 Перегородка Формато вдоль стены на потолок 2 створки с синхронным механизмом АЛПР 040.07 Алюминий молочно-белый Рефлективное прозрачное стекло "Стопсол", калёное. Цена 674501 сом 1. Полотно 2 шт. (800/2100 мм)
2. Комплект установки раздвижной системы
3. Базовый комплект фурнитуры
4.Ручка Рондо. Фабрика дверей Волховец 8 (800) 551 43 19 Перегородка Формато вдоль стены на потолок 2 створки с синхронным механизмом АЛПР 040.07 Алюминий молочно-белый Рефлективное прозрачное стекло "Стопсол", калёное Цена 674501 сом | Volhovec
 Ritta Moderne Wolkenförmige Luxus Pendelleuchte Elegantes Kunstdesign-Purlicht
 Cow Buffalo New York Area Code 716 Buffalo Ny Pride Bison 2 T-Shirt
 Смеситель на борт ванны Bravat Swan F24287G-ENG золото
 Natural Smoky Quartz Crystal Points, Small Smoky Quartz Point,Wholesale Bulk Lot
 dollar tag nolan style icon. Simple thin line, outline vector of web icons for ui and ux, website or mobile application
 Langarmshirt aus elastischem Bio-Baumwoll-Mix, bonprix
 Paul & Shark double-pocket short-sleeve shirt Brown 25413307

----------------------------------------

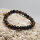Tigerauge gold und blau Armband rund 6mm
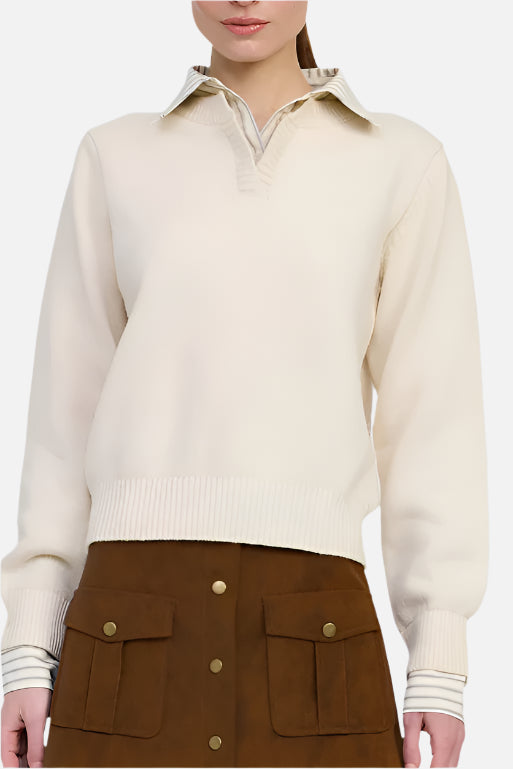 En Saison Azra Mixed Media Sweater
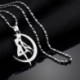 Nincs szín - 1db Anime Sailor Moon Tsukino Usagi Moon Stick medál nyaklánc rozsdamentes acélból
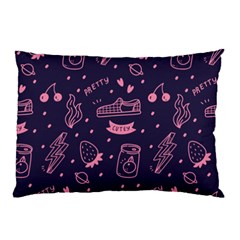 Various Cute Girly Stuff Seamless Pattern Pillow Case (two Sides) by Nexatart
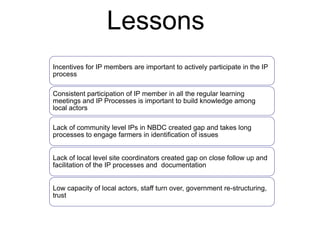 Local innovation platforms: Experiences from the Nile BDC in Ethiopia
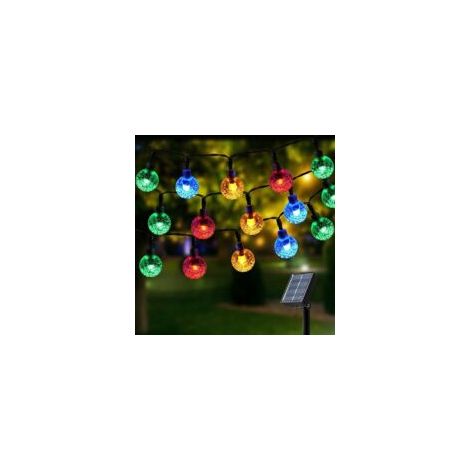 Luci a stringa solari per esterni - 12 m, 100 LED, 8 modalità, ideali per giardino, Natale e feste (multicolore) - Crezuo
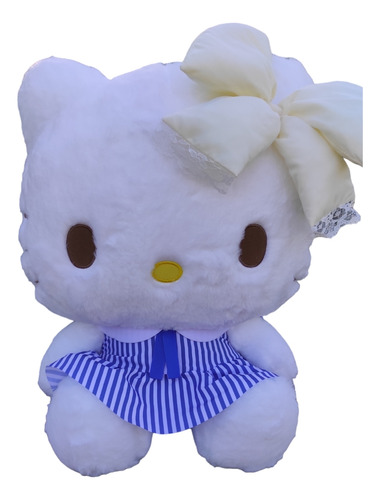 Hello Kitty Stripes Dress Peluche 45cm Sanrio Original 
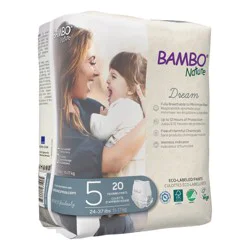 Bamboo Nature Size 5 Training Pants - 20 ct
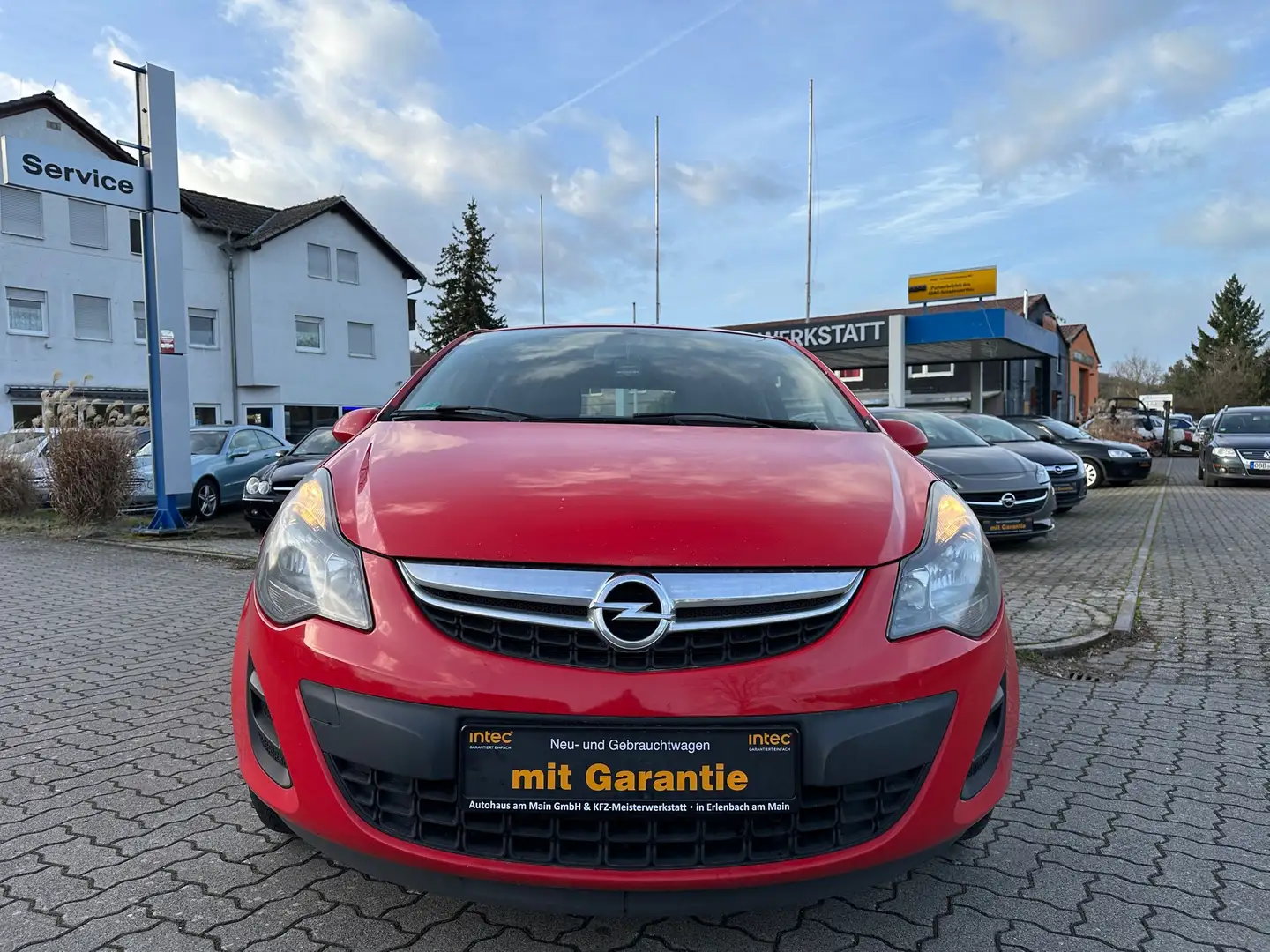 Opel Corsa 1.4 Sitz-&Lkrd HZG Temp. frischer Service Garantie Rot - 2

----------------------------------------

Look for the word "белый" in every line of the listing and copy the lines that have it.

* _COMPLETED TASK_
 Перегородка Формато вдоль стены на потолок 2 створки с синхронным механизмом АЛПР 040.07 Алюминий молочно-белый Рефлективное прозрачное стекло "Стопсол", калёное. Цена 674501 сом 1. Полотно 2 шт. (800/2100 мм)
4.Ручка Рондо. Фабрика дверей Волховец 8 (800) 551 43 19 Перегородка Формато вдоль стены на потолок 2 створки с синхронным механизмом АЛПР 040.07 Алюминий молочно-белый Рефлективное прозрачное стекло "Стопсол", калёное Цена 674501 сом | Volhovec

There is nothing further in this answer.